As you can see from the picture, you need to cut it to about 11" x 5". I had plenty of foam, so I cut several
pads and used the best fitting one in the end. I suppose you could cut the leather to fit in this step too. I managed
to not photograph as much of the leather work as I did the padding. My 2 square feet of leather came from an ebay seller
by the name of "Dangerous Threads" who I highly recommend. You'll need about a 15 " x 9" rectangle of leather, but I'd
lay the lid over the leather and make sure that measurement is enough before actually cutting.
NU-Foam - great padding for this particular task.
I stumbled across this type of foam in a local craft store (Joanne Fabrics). It's surprisingly strong while remaining soft, flame retardant,
and best of all, it separates easily.
Step 2: Separate the 1" thick padding into something thinner.
This is why you should try to find NU-foam padding. 1" is a little too thick for padding on the armrest, so I wanted to cut
it in half. This NU-foam stuff separates evenly with very little effort. I made my padding about 2/3" thick.
Step 3: Round the leading edges.
I just cut a diagonal angle along each edge and rounded the corners. This allows the leather to make a little more
pleasing shape over the armrest than if the padding was left square shaped. And as you can see, I just
taped the padding in place to do this.
Step 4: Spray glue the padding to the cover.
You've got pretty much just one shot at getting the padding lined up with the top of the cover once the Super77
spray adhesive has been applied. Fly it over the cover very slowly and carefully, and start with one corner.
You can kinda see how the padding conforms to the rounded top of the armrest.
Steps 5-8: Cut the leather, staple an edge, and start stretching.
Sorry for the lack of pictures here, but you can kinda see what's going on. Cut the 2' x 1' piece of leather that you
purchased to fit the armrest. As previously mentioned, you'll end up with about a 15" x 9" piece of leather.

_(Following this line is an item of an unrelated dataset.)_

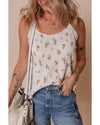 White Floral Pleated Big Bow Back Spaghetti Straps Tank Top - L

Then staple one edge to the
bottom of the lid. Then start stretching like you've never stretched before. I stapled one of the long sides first, then the 2nd long side. In retrospect,
it would have been easier to staple the front side (a short side) first and then do the longer sides and the back. The shot
above shows the two long sides with the excess leather already trimmed off. Spray adhesive helps hold the leather that
couple of seconds you need to get the staple gun into position to tack it down.

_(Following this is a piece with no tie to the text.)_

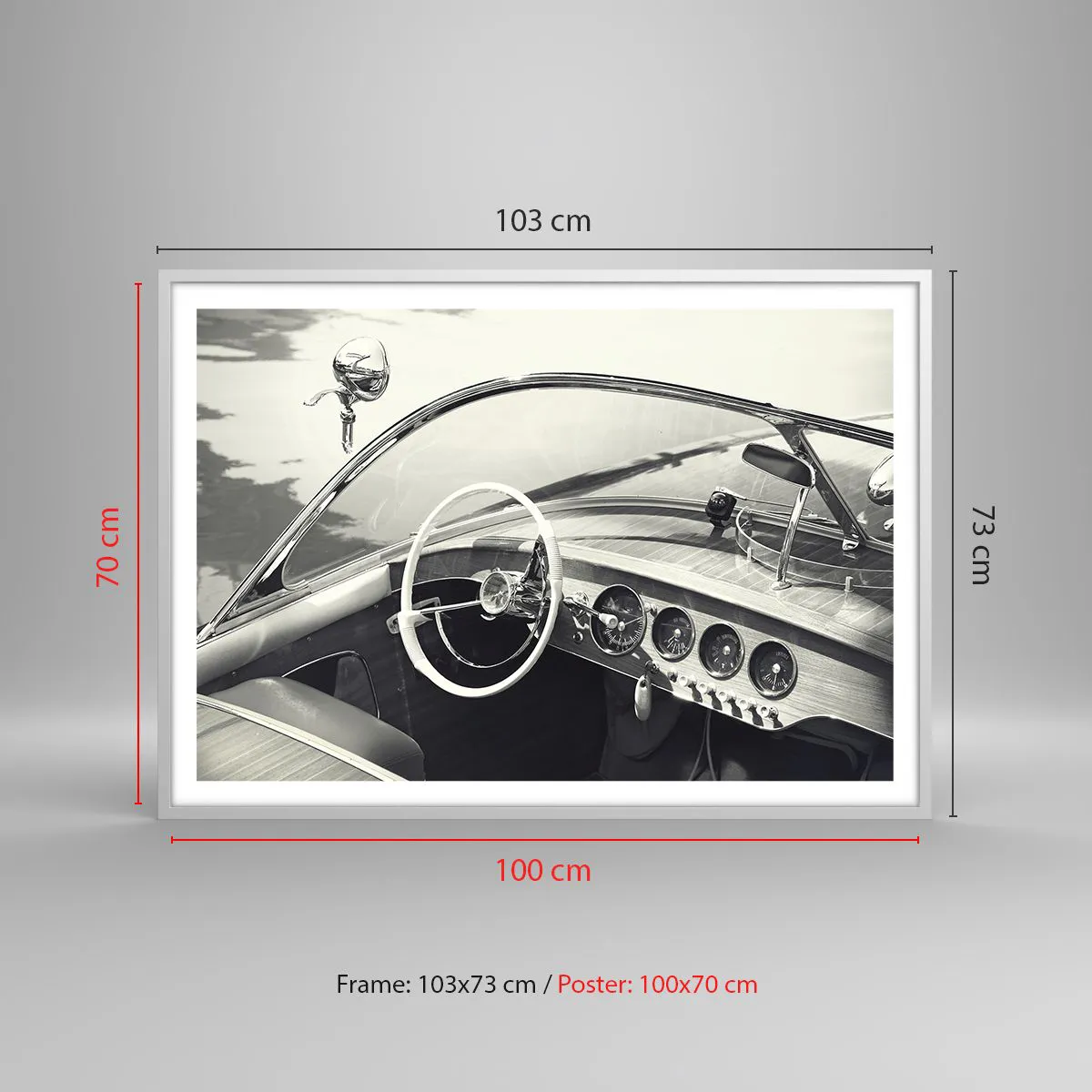 Affiche dans un cadre blanc - Poster - Temps pour riche - 100x70 cm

Step 9: Trim all excess leather.
Once you've got everything stapled in place as well as you like, trim off all the excess leather. The corners are
the most problematic areas. I cut them as flat as I could and left them. Leather doesn't fray. We'll see how
well it holds up over the next few years.
Front edge of the armrest
You can see the armrest completed and the leather all cut and stretched here. It's impressive how well leather stretches. You
want it to stretch as much as possible to keep the front and back sides from rubbing too much on the console once
the armrest is reinstalled.
Back edge of the armrest.
You can see a little wrinkling from the stretching here, but it's a bit more flat than it appears in the photo. The lid has
no problem opening or closing. Notice how smoothly the long edges blend while the short edges have a quick transition.
Step 10: Install armrest, admire work.
All of the screws should go in through any leather that might be covering the factory holes, as long as you didn't go
too crazy with the staples around these spots. I thought this shot showed some of the staple work pretty well and might
be helpful to others.
Installed padded leather armrest
You can see how nicely the armrest blends into the console. It looks like it belongs, not like an obvious aftermarket
stick-on pad, like so many vendors sell.
No more sore elbow.
It was quite easy to do this little mod. I've spent more time typing this webpage than I did stapling and stretching leather.
This was cheap too, with a total outlay of $15 including leather, padding, and staples. Cheap, looks nice, easy to do: the
trifecta of the perfect DIY Miata modification.